Due to how much you may spend buying oils, it’s obvious you’re going to want them to last as long as possible. On the side of your essential oil bottle you will see a best before date and to ensure your oils stay as fresh as possible it’s also important to look after them properly.
When you’re buying essential oils look at the use by date. Most aromatherapy suppliers aim to give a shelf life of about 18months, but depending on the oil this may be longer or shorter. Don’t think about stocking up on oils such as sweet orange, lemon, grapefruit and other citrus ones, because they naturally have a shorter shelf life, and if you’re not using them a lot you’ll probably end up having to discard them.
When you’re not using essential oils, always make sure you put the lids on them. This is the reason why, when I’m carrying out a consultation and you’re smelling a blend, I’ll put the lids back on them until I’m ready to blend your oil. Essential oils react with chemicals in the air, some quicker than others. Citrus oils tend to oxidise quickly, while other oils can take longer so by keeping the lids on as much as possible you’re aiming to reduce the reaction of the oil with the air. Why is this important? When your oils react with the chemicals they can cause skin irritations or reactions.

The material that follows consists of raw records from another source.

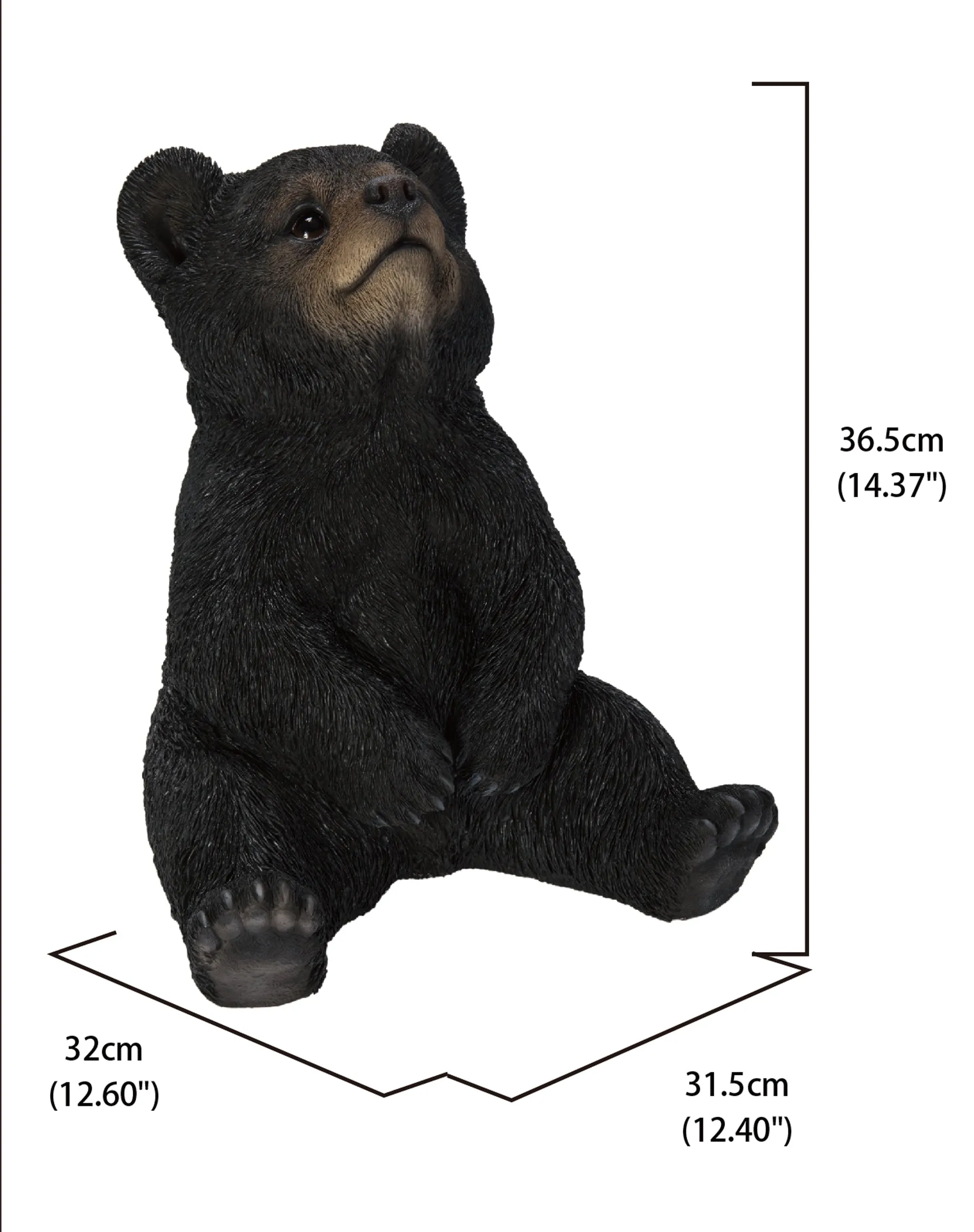 Sitting Black Bear Cub With Head Up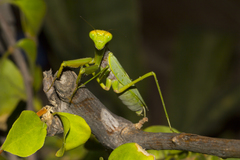 Tarachomantis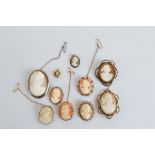 A collection of shell cameo brooches, mostly of oval shape, a white metal example, two in rolled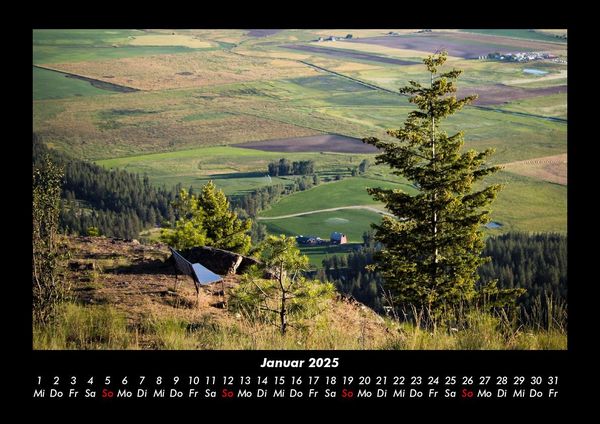 Produktbild: B&auml;ume 2025 Fotokalender DIN A3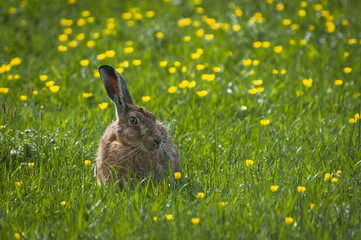 The European Brown Hare, Lepus europaeus, sat very still amongst the buttercups on the Isle of Islay, Inner Hebrides, Scotland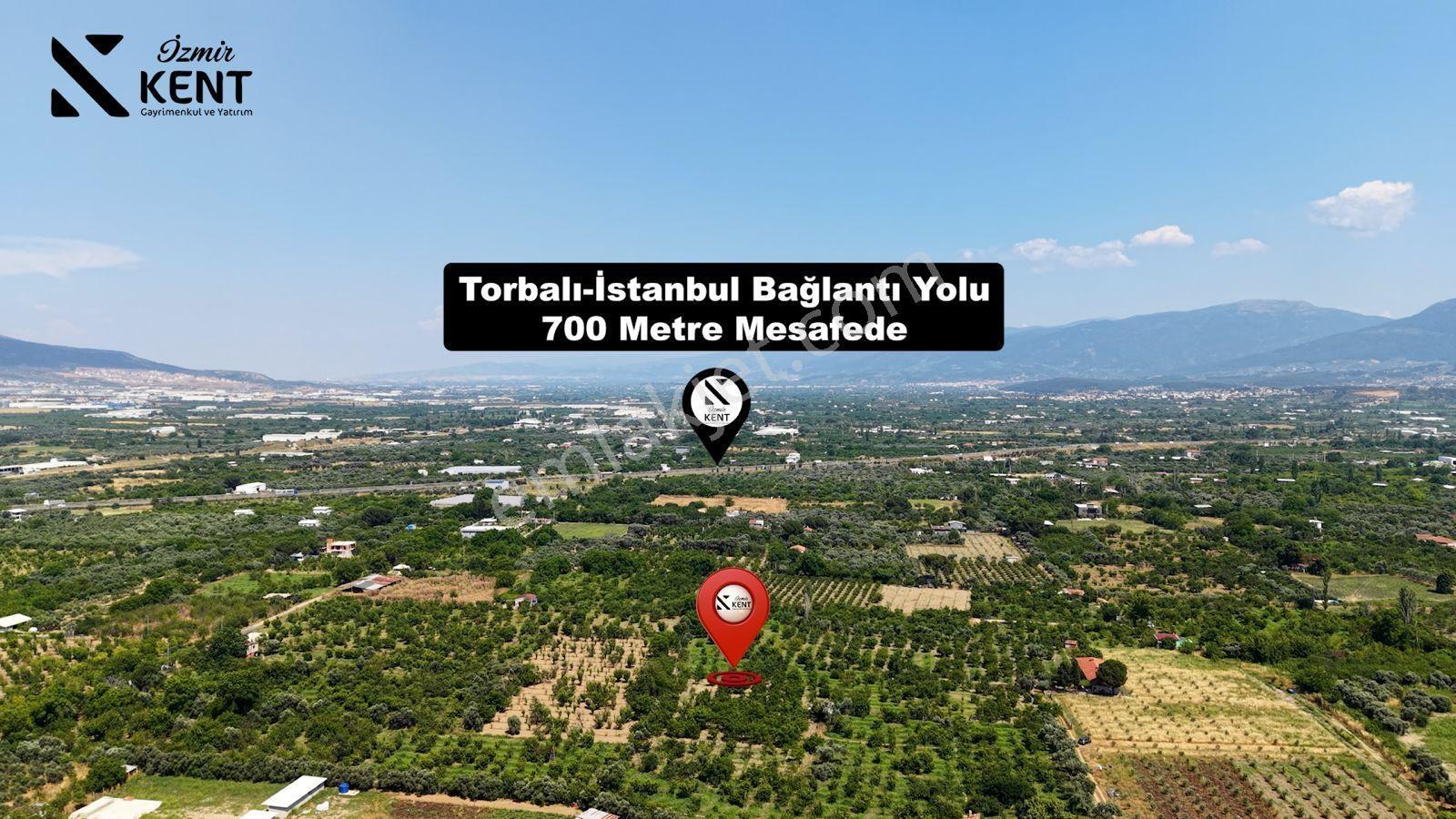 Kemalpaşa Mehmet Akif Mah Satılık Yaklaşık 4 Dönüm Kiraz Bahçesi — fotoğraf 10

Another way to help look after your oils is to store them in a cool, dark place out of direct sunlight. Essential oils change their chemical composition when they’re heated, which is why they need to be kept cool. You can refrigerate your oils, but it’s important to remember they can taint the food which is also in the fridge. Some cold essential oils are also difficult to get out of their bottle, so you may want to remove them from a fridge about half an hour before you plan to use them. Essential oils are kept in brown, green or blue glass bottles because the coloured glass stops the sunlight which could add to the warming process.
When you’re using your essential oil don’t remove the dropper. The dropper is designed so you can easily count how many drops you’re adding to a blend. This means you’re less likely to add too much, and you’ll find your essential oil bottle will last longer than if you had removed it.
If you think your essential oil is past its best, do discard of it responsibly. You can add it to a compost bin, or I tend to use it for things that won’t come into contact with the skin – I often use a few drops of an essential oil to add a better smell to my kitchen bin after it’s been emptied. I’m aware over time the essential oil may affect the inner plastic, but it’s something I’m not concerned by!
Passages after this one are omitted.